_About this task_. Reproduce the following data exactly, minus any images.

_Dataset section_.
#####
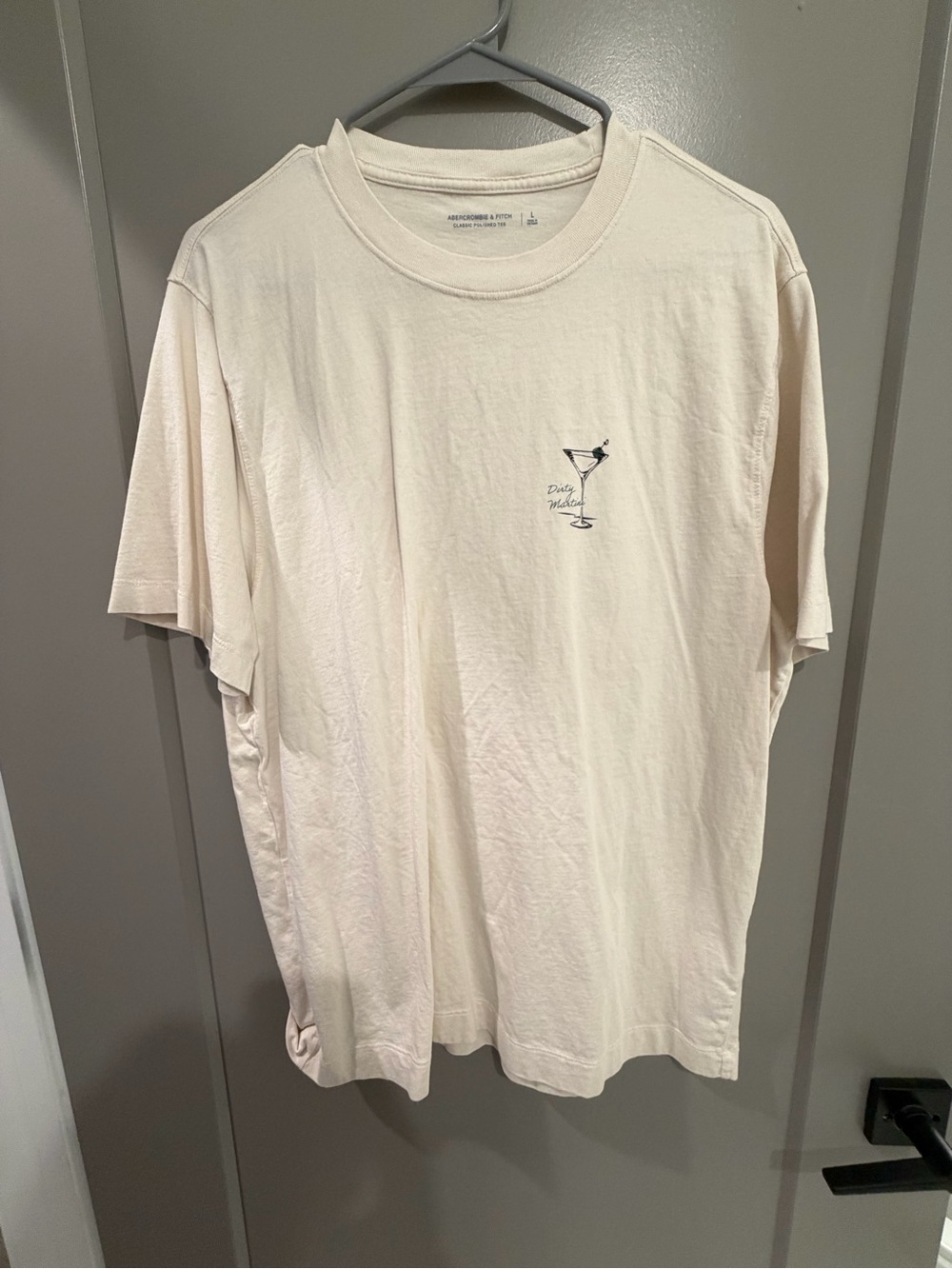 Abercrombie & Fitch Men's Cream Short Sleeve Tee with Martini Graphic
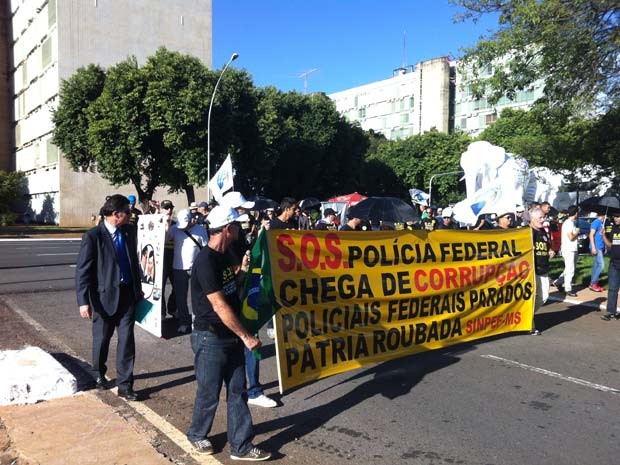 Policiais federais durante marcha na tarde desta quarta (122) na Esplanada dos Ministérios, em Brasília (Foto: Lucas Nanini/G1)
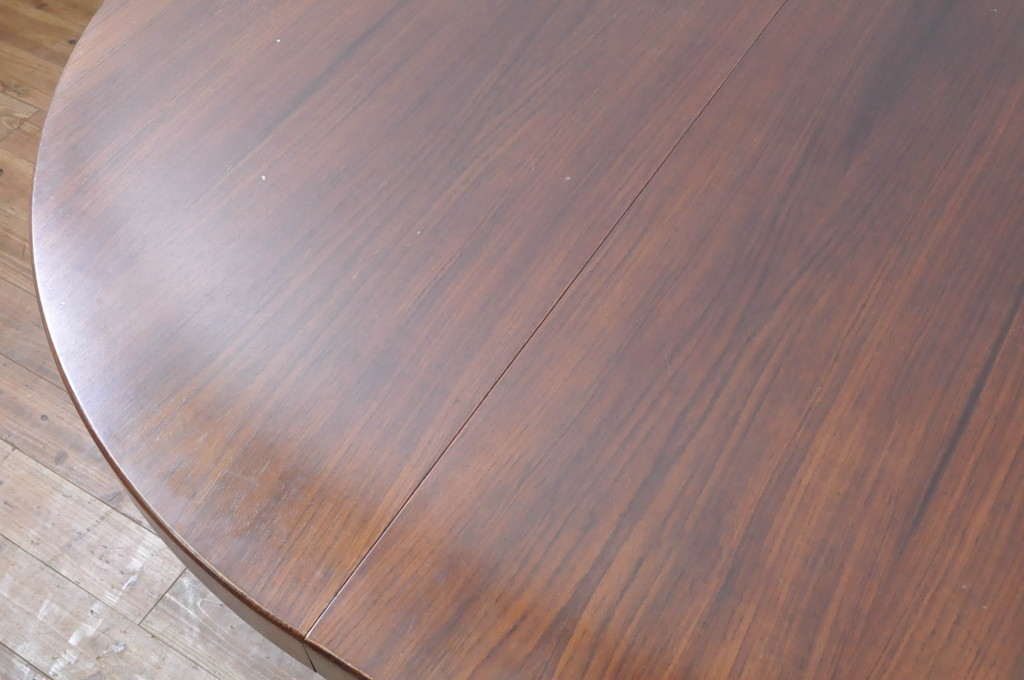 北欧ビンテージ　Kai Kristiansen(カイ・クリスチャンセン)　ローズウッド材の上品な色合いが魅力のエクステンションテーブル(拡張式テーブル、食卓、ダイニングテーブル、4人掛け、6人掛け、8人掛け、丸テーブル、ラウンドテーブル、オーバル型、ヴィンテージ)(R-066041)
#####
_Exercise solution_.
 Abercrombie & Fitch Men's Cream Short Sleeve Tee with Martini Graphic
 Policiais federais durante marcha na tarde desta quarta (122) na Esplanada dos Ministérios, em Brasília (Foto: Lucas Nanini/G1)
 北欧ビンテージ　Kai Kristiansen(カイ・クリスチャンセン)　ローズウッド材の上品な色合いが魅力のエクステンションテーブル(拡張式テーブル、食卓、ダイニングテーブル、4人掛け、6人掛け、8人掛け、丸テーブル、ラウンドテーブル、オーバル型、ヴィンテージ)(R-066041)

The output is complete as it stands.